INSTRUCTIONS TO FOLLOW: Everything in the data below is left aside except the lines from the one containing "3 Pack Case" through the one containing "Load image into"; repeat those exactly.

INPUT FOR THIS TASK:

********************

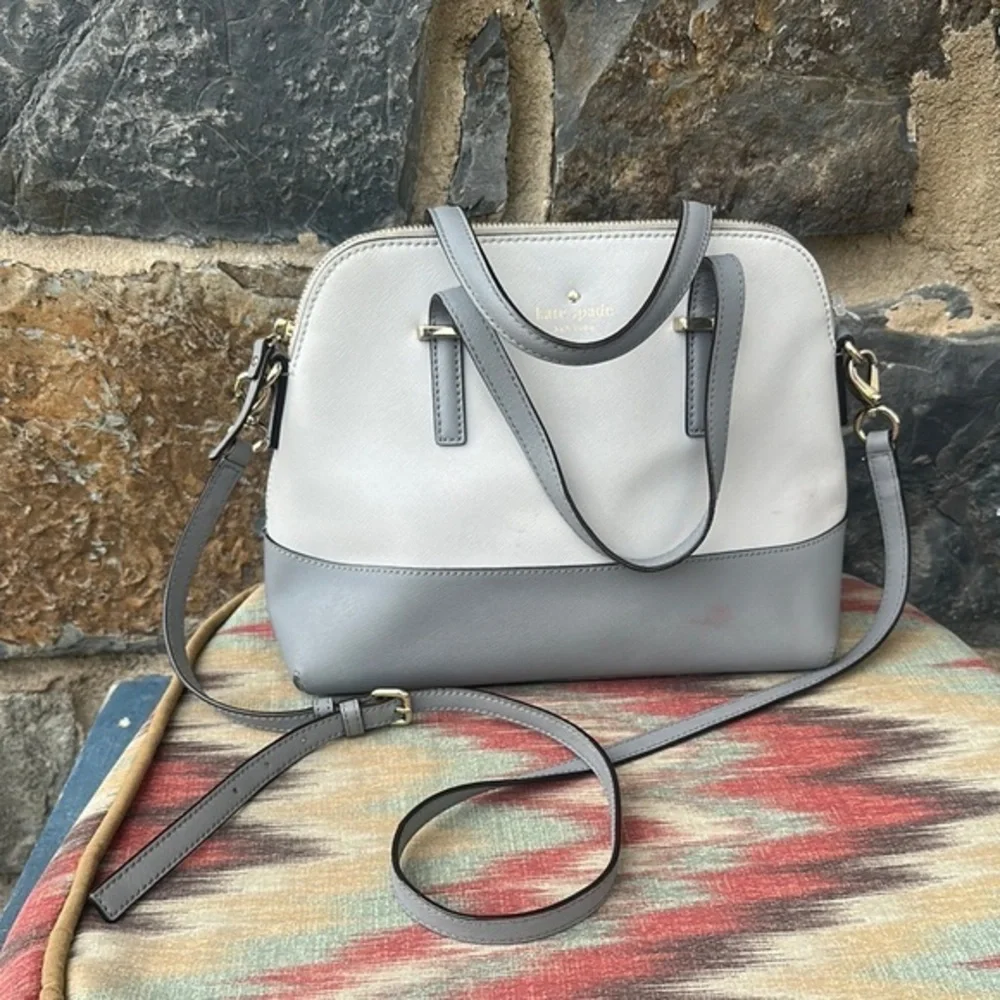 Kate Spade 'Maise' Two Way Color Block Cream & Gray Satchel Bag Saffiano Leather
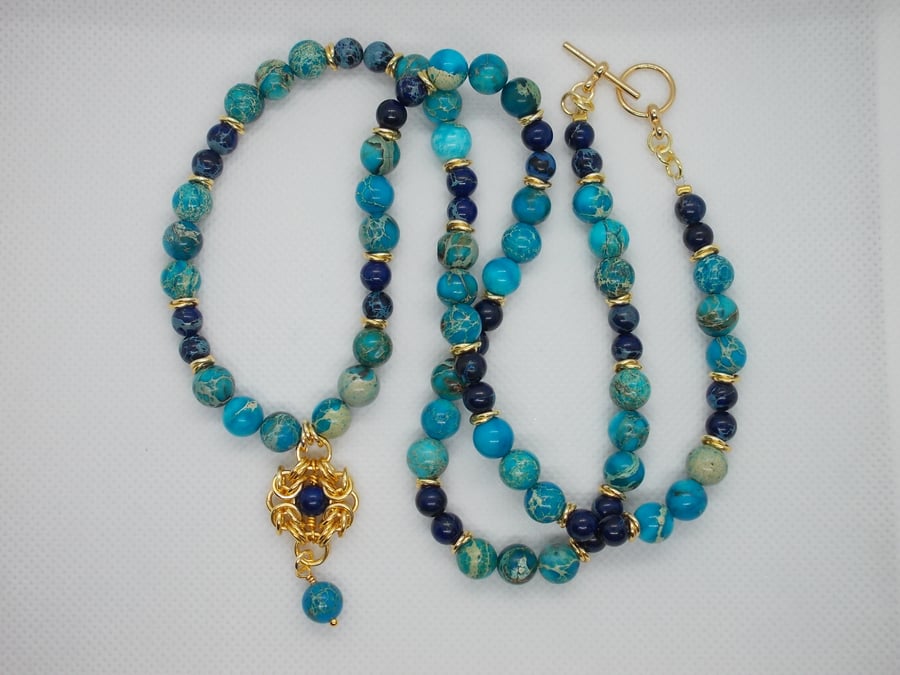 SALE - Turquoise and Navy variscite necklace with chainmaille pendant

********************

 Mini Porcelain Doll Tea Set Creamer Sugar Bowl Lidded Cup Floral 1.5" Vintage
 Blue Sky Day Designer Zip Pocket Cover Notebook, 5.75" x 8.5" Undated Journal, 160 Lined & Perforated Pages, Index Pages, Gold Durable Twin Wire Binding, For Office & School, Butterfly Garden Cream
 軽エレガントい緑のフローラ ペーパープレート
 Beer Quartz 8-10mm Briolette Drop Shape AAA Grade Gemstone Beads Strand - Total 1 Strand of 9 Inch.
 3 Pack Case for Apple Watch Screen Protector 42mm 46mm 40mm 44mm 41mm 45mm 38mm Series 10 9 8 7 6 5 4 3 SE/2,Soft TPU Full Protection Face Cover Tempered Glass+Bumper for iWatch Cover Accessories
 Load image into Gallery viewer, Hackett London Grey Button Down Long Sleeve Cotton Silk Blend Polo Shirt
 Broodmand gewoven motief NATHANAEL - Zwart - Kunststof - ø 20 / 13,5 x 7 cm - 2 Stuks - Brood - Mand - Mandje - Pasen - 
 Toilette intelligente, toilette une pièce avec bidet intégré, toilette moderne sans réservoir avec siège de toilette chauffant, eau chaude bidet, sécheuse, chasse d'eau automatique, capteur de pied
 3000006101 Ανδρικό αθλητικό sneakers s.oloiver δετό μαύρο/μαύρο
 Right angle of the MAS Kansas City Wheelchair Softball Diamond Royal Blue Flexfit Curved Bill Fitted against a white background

********************

ANSWER TO THIS PROBLEM:
 3 Pack Case for Apple Watch Screen Protector 42mm 46mm 40mm 44mm 41mm 45mm 38mm Series 10 9 8 7 6 5 4 3 SE/2,Soft TPU Full Protection Face Cover Tempered Glass+Bumper for iWatch Cover Accessories
 Load image into Gallery viewer, Hackett London Grey Button Down Long Sleeve Cotton Silk Blend Polo Shirt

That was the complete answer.